"Dark Side of the Locker Room" is a compendium of journalists' bizarre, amusing and previously undocumented encounters with athletes (and often athletes' genitalia). Got a story? Send it to firstname.lastname@example.org.
Today's story is from Franz Lidz, a frequent contributor to The New York Times and GQ. He was a senior writer at Sports Illustrated from 1980 to 2007, and a contributing editor at the now-defunct Condé Nast Portfolio from 2007 to 2009. He is the author of Unstrung Heroes: My Improbable Life with Four Impossible Uncles; Ghosty Men: The Strange but True Story of the Collyer Brothers; and Fairway To Hell: Around the World in 18 Holes.

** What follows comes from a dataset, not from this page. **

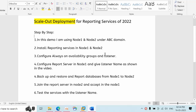Hello friends, today I am going to show you how to implement scale-out deployment of reporting services for 2022. In this demo, I am going to use node 1 and node 2 which are all part of the ABC domain. First we need to install our reporting services in node 1 and node 2. After that we need to configure always-on availability groups and listener. Once it is done, we need to configure reporting services in node 1 by giving the listener name at the time of server setup.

Back in the Pleistocene epoch, I interviewed Pete Johnson, a Bengals running back who could cover the length of a football field in 9.9 seconds, but was exceedingly slow at getting to appointments. He agreed to be at my hotel at noon. When he hadn't shown up by 1 p.m., I called his "secretary."
"That's funny," she said. "He told me he was on his way." At 1:45, he called. "I'm on my way," he said. At three o'clock, I called his secretary back. "He should arrive any minute," she said. At 5:30, Johnson called again. "Almost there," he said. "See you at 6:10." To Pete Johnson, 40 minutes was "almost there."
At 7 p.m., the secretary was in the lobby bar. "We'll wait for him together," she said. At 8 p.m., Johnson swaggered in with his 2-year-old son in tow. "How come you're so late?" I asked. He grinned. "I'm not late," he said. "You're early." As it was, the secretary said, I was relatively lucky. "When he says he'll be somewhere at a certain time," she explained, "it generally means he'll appear anywhere from six to 48 hours later."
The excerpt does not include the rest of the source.